Pendant des siècles, les négociants et armateurs marseillais se sont contentés d’exercer un commerce de comptoir autour de la Méditerranée. Comparativement aux ports de l’Atlantique, ils participent plus tardivement à la traite négrière et au commerce triangulaire [1]. Au 18e siècle, les vaisseaux de Georges Roux dit Roux de Corse et d’autres armateurs et négociants vont chercher aux Antilles le cacao, le café, le coton, le sucre. Au 19e siècle, les négociants marseillais sont à la tête de l’expansion du nouvel empire colonial français ouvrant la voie aux interventions militaires et aux administrateurs coloniaux.
La part du commerce colonial est considérable dans l’activité économique de Marseille, qui grâce à l’exploitation des colonies devient une ville en pleine expansion industrielle. Son développement nécessite l’extension du port avec la réalisation du port auxiliaire de la Joliette (1844-1853). La construction d’une grande digue de protection sur le modèle de celle d’Alger, est conçue dès 1833 par Victor Poirel [2]. Pour convaincre l’opinion publique de la nécessité des conquêtes coloniales, de véritables organismes de propagande voient le jour associant scientifiques, médecins, enseignants et artistes.
En 1876, sur une proposition de Ferdinand de Lesseps est créée la Société de géographie de Marseille dont le premier président est Alfred Rabaud de la maison de commerce Rabaud Frères, consul de Zanzibar et de Madagascar. En 1893, le Docteur Édouard Heckel fonde, avec le soutien financier des milieux d’affaires, l’Institut et musée colonial de Marseille. Il est composé d’un musée, d’un laboratoire, d’une bibliothèque, et d’un jardin botanique. Son objectif est l’étude et le bilan des richesses naturelles des colonies. À partir de 1900, les chaires d’enseignement colonial créées par la chambre de commerce y sont intégrées. Les laboratoires d’études des céréales, féculents, et des riz sont équipés de machines permettant d’effectuer des essais industriels : un intérêt pratique pour les minoteries et les fabriques de pâtes et semoules [3].

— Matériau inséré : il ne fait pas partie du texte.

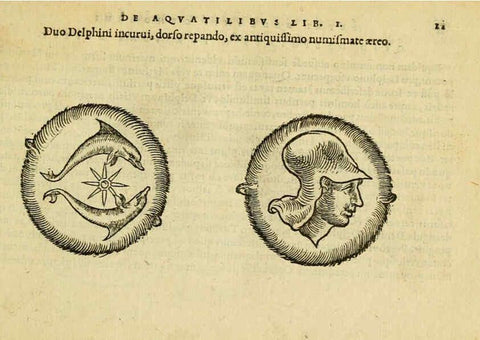 Reproducción/Reproduction 6418670209: Petri Bellonii Cenomani De aquatilibus, libri duo cum [epsilon, iota] conibus ad viuam ipsorum effigiem, quoad eius fieri potuit, expressis ... Parisiis,Apud C. Stephanum,1553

Élu député en 1887, l’industriel et armateur Jules Charles-Roux est un défenseur actif de la colonisation. Il soutient l’expansion française en Tunisie, au Dahomey et à Madagascar. Il est le fondateur de plusieurs comités coloniaux, président de la Société de géographie de Marseille et de l’Union coloniale française en 1903. En 1900, il devient président de la Compagnie générale transatlantique. Lors de l’Exposition universelle de 1900 de Paris, il obtient une section dédiée aux colonies mais sur un espace relativement réduit. Son projet d’une grande exposition coloniale va naître de sa rencontre avec Édouard Heckel. Pour y parvenir, ils mobilisent la Société de géographie, l’université d’Aix-Marseille, le maire Amable Chanot, le conseil général des Bouches-du-Rhône, le Syndicat d’initiative de Provence et les sociétés scientifiques, artistiques. Les gouverneurs des colonies qui agissent de leur propre initiative apportent également leur soutien. Le gouvernement, plutôt réservé, se contente de donner à l’entreprise un caractère officiel en nommant en 1904, le commissaire général, Jules Charles-Roux et le commissaire général adjoint Édouard Heckel.
La chambre de commerce [4] défend les intérêts du premier port colonial français et développe son activité au Maghreb, en Afrique et en Asie, ce qui lui permet d’être en première ligne pour organiser et promouvoir l’exposition coloniale. Un terrain d’une quarantaine d’hectares est mis à la disposition des organisateurs, le futur parc Chanot. L’inauguration officielle a lieu le samedi 14 avril. On peut lire dans la Revue des deux mondes :
Il appartenait à Marseille, notre premier port colonial, de prendre l’initiative d’une Exposition coloniale. Ici, on se sent tout près de ces pays qui, à Paris, nous paraissent si lointains ; Marseille est vraiment la porte de l’Orient ; en présence de ces grands paquebots qui partent pour les pays d’outre-mer, ou qui en arrivent, tout chargés des produits exotiques, on a l’impression très vive de la présence prochaine, par-delà quelques jours de navigation, de ces terres où l’activité européenne s’est développée si prodigieusement ; mais, plus encore que sa position géographique, c’est son histoire et c’est l’évolution de sa vie économique qui invitaient Marseille à préparer cette grande manifestation de l’énergie de la France au-dehors [5].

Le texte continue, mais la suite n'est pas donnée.